EXERCISE REQUIREMENTS: Would you copy exactly the lines in the data below from the one that has "Пример работы до" through the one that has "Atherosclerosis is a", dropping any pictures?

DATA LISTING:
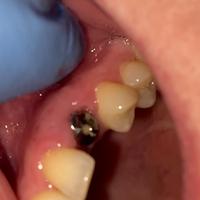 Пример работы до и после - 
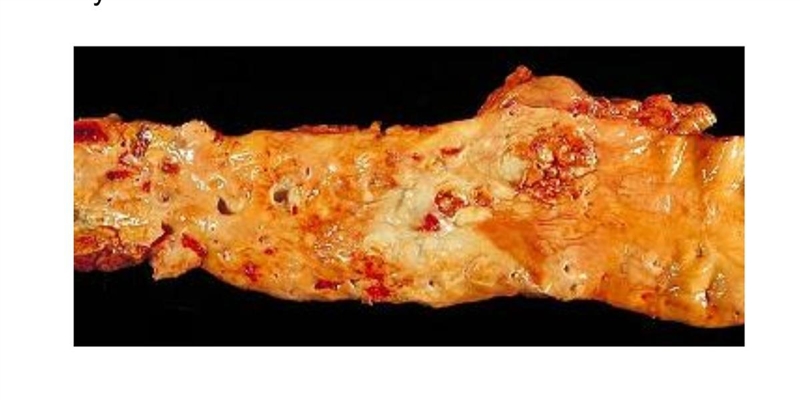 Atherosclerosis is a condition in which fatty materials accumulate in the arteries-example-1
---
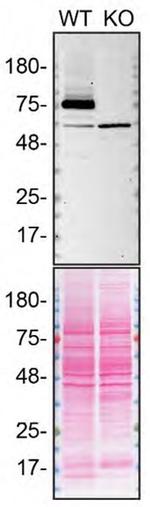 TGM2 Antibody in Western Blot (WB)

PROBLEM SOLUTION:
 Пример работы до и после - 
 Atherosclerosis is a condition in which fatty materials accumulate in the arteries-example-1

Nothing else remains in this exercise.